DIRECTIONS FOR THIS TASK
Word for word, restate the lines of the listing below from the line with "That will open" through the line with "I can easily", and do not include the pictures.
** RECORDS follows **
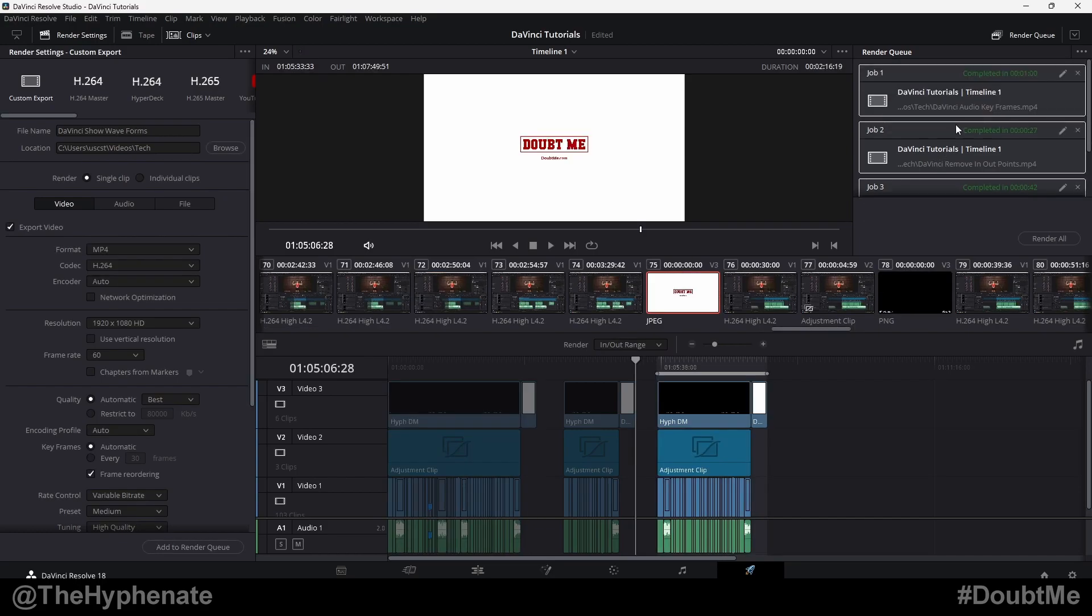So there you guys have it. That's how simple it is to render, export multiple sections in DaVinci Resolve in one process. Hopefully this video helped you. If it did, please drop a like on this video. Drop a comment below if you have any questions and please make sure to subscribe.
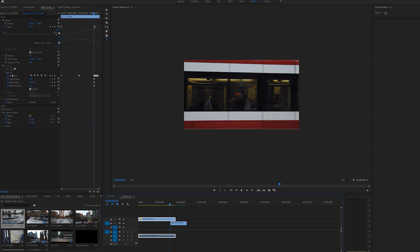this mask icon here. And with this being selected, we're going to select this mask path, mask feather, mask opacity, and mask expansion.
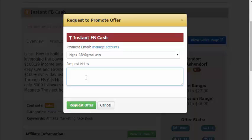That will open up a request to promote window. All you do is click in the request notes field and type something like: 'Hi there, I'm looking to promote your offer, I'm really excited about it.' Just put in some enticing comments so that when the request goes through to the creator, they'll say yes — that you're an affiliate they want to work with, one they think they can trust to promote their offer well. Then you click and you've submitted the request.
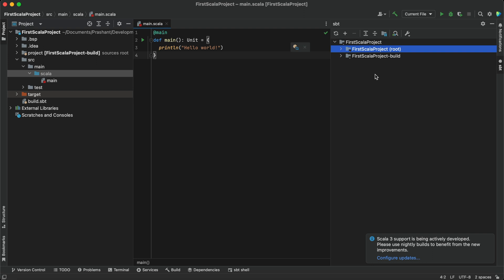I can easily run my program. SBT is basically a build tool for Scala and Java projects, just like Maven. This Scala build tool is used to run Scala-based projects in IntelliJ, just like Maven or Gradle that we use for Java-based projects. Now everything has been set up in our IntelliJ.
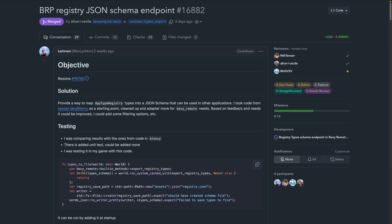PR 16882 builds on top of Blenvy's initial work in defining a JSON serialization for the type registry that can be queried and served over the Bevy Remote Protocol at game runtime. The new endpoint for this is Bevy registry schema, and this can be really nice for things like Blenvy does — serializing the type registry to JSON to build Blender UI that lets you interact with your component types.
** End of RECORDS **
** RECORDS follows **
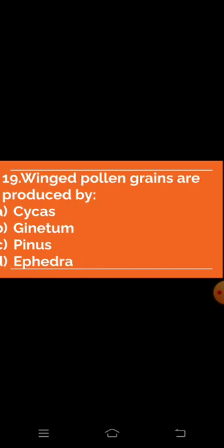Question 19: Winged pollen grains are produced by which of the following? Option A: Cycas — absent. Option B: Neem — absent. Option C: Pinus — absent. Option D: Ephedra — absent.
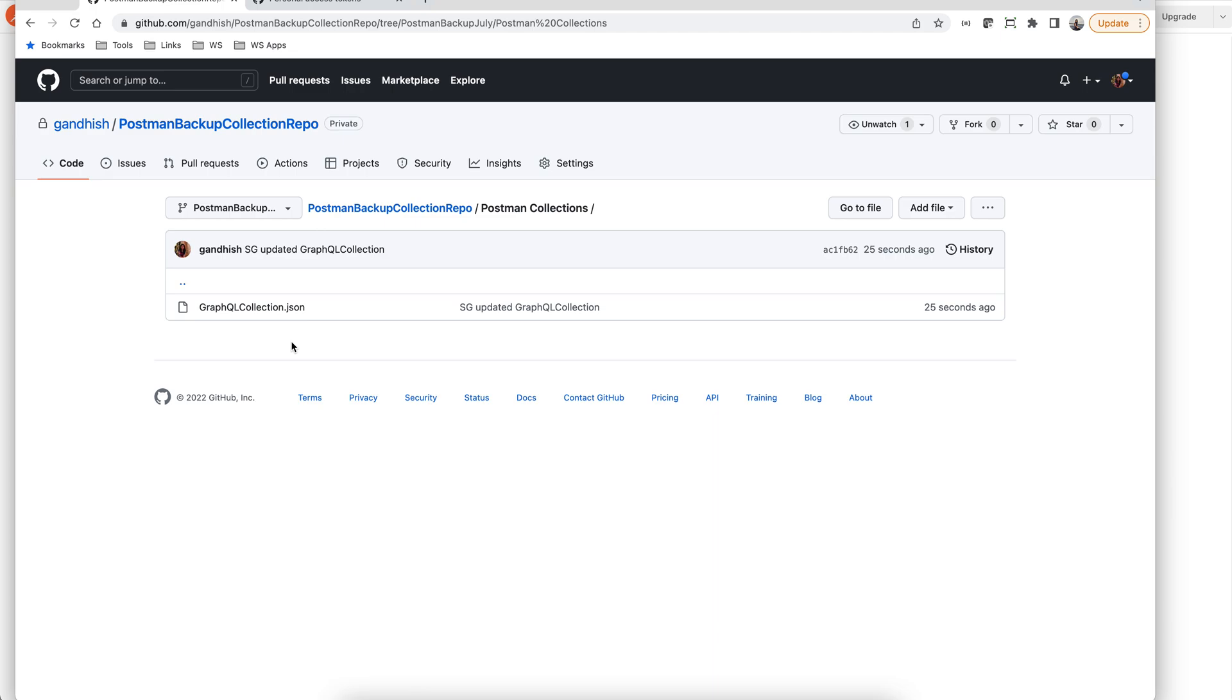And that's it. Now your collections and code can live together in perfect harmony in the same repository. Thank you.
** End of RECORDS **
** RECORDS follows **
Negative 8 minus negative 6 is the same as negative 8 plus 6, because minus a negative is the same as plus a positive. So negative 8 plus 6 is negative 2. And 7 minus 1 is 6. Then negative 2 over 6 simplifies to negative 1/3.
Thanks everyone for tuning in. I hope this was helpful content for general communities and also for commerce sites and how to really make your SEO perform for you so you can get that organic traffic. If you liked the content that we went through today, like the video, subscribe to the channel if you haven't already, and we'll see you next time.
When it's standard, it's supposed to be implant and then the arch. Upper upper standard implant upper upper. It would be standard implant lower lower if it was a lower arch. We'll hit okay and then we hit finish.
** End of RECORDS **
EXPECTED ANSWER
That will open up a request to promote window. All you do is click in the request notes field and type something like: 'Hi there, I'm looking to promote your offer, I'm really excited about it.' Just put in some enticing comments so that when the request goes through to the creator, they'll say yes — that you're an affiliate they want to work with, one they think they can trust to promote their offer well. Then you click and you've submitted the request.
I can easily run my program. SBT is basically a build tool for Scala and Java projects, just like Maven. This Scala build tool is used to run Scala-based projects in IntelliJ, just like Maven or Gradle that we use for Java-based projects. Now everything has been set up in our IntelliJ.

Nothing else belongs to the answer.